Dewald explains the mystery of French historians’ blind spot for the nobility by revisiting the nineteenth century and the narrative of modernization that emerged in the decades after the Revolution. In confronting and making sense of the features of the modern world that enveloped them, historians, novelists, and social scientists assigned to the nobility a necessarily marginal role in the history of French national development. The centralizing monarchy and the bourgeois creators of capitalist markets and values became the bearers of modernity in the nineteenth-century imagination. Nobles thus necessarily figured as “ghostly outsiders to the processes that mattered for French identity,” either fruitlessly resisting the advance of modernization, as in the work of the historians Guizot and Renan, or marching cavalierly to their own drummer, as in the novels of Dumas or the literary histories of the Goncourt brothers. Because its values and interests seemed incompatible with the central story line of French history, in other words, the nobility could not be suitably integrated into the historiographical canvass depicting premodern life. Dewald provocatively suggests that this situation changed only after World War II as the French embraced distinctively American assumptions about the relationship between shaping social structures and the elaboration of personal identities and histories. Only the widespread acceptance of the belief that individuals cannot stand outside their own social and historical contexts—and perhaps, one is tempted to add, an emerging postmodern aversion to master narratives of any kind—made it possible for historians to see nobles and the institution of nobility as integral components in the unfolding of the French national past. This changed understanding of the relationship between individuals and society, as much as the developing critique of Marxist thought after 1956, gave birth to the revisionism of the 1960s and to the debates about nobility and eighteenth-century society that have raged ever since.

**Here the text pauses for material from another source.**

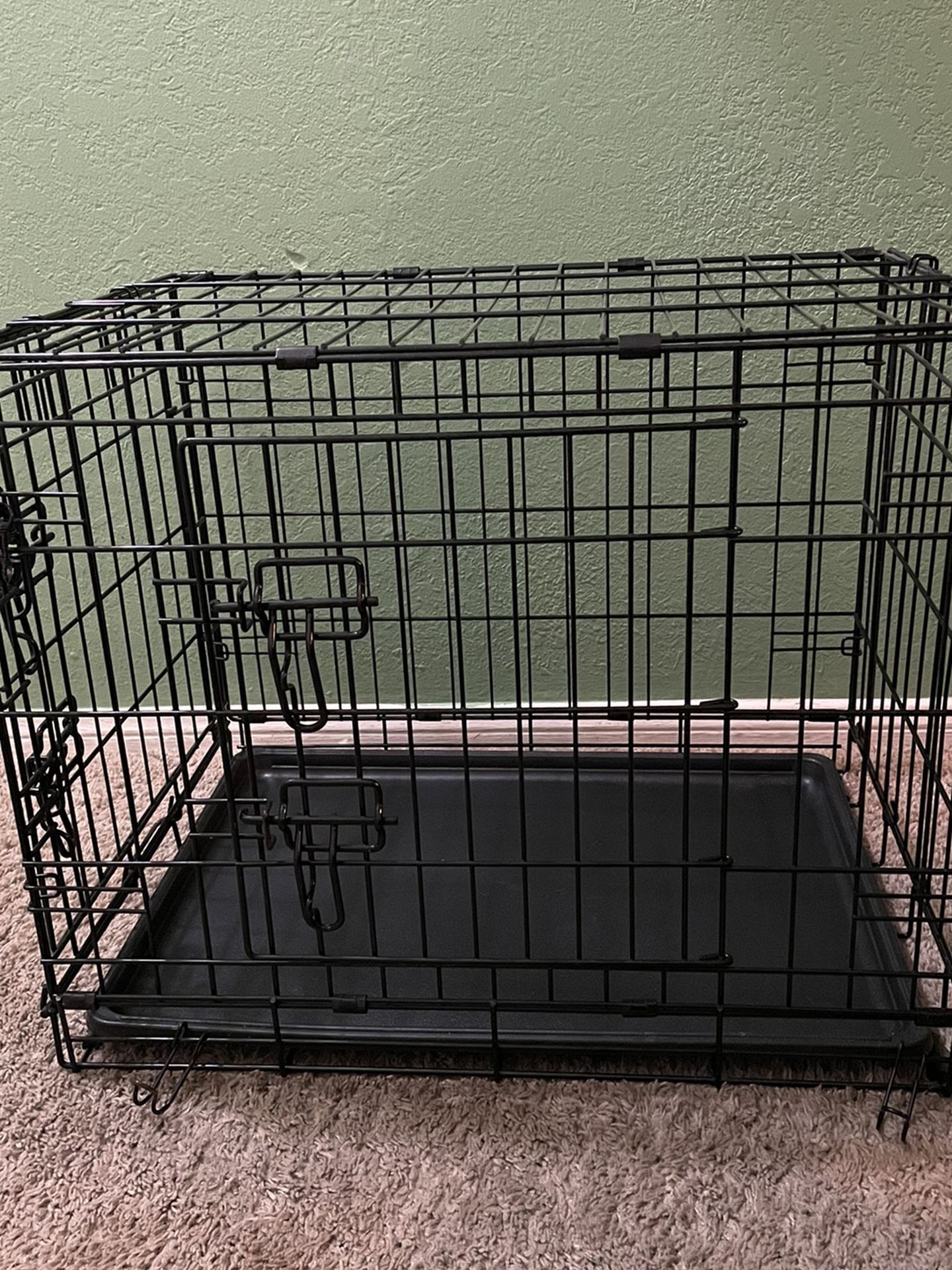 2 Door Foldable Small Dog Crate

The contributors to this volume would not presume to announce a similarly momentous shift of interpretive paradigm in the early twenty-first century. The intersection between the revived interest in nobility and the intensifying discussion in historical circles about the very nature of “society” nevertheless suggests that the nobility is in the process of becoming a central site for the reconceptualization of historical change and for the testing of new methods of social, cultural, and political analysis. The essays collected here represent one sign of the vitality of that process and, we sincerely hope, a stimulant (and friendly invitation) to renewed debate.